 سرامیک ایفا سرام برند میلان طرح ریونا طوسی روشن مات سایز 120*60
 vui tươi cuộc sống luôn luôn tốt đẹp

* * *

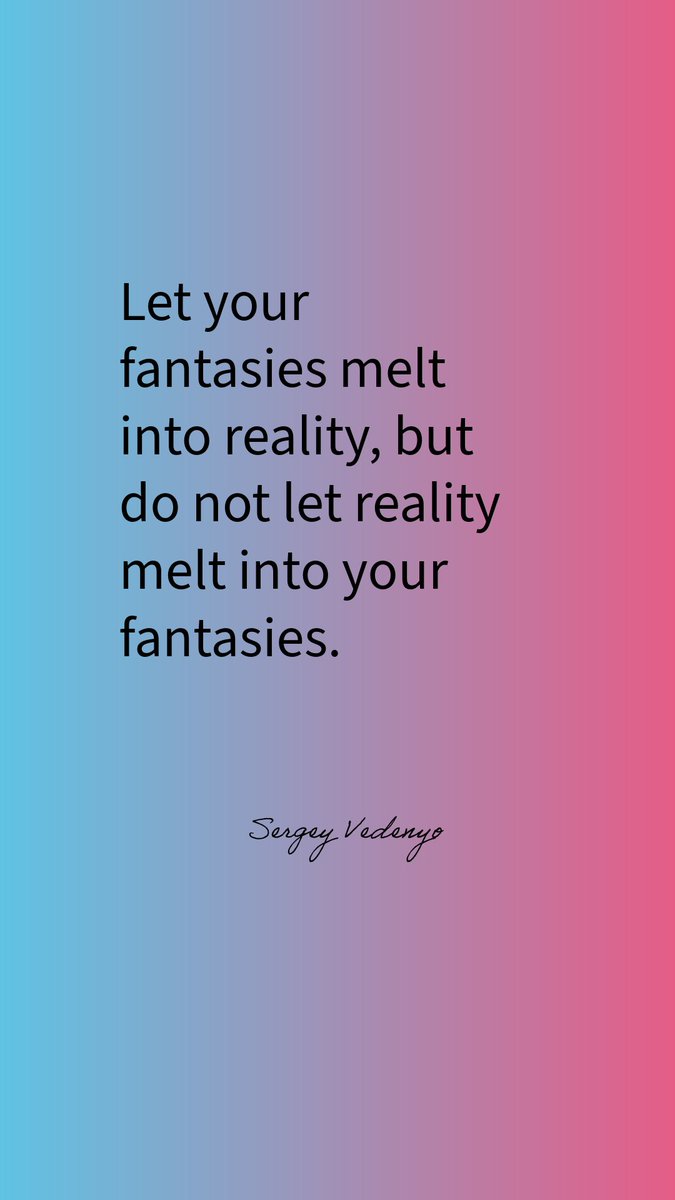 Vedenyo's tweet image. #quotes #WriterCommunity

---

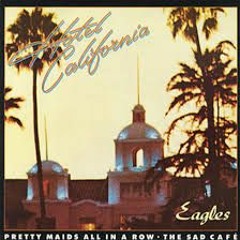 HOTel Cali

• **What needs to be done**:
Find where the line with "سرامیک ایفا سرام" sits in the material above, then copy exactly from it through the line with "vui tươi cuộc sống luôn luôn tốt đẹp". Add no other line.

• **Answer space**:
 سرامیک ایفا سرام برند میلان طرح ریونا طوسی روشن مات سایز 120*60
 vui tươi cuộc sống luôn luôn tốt đẹp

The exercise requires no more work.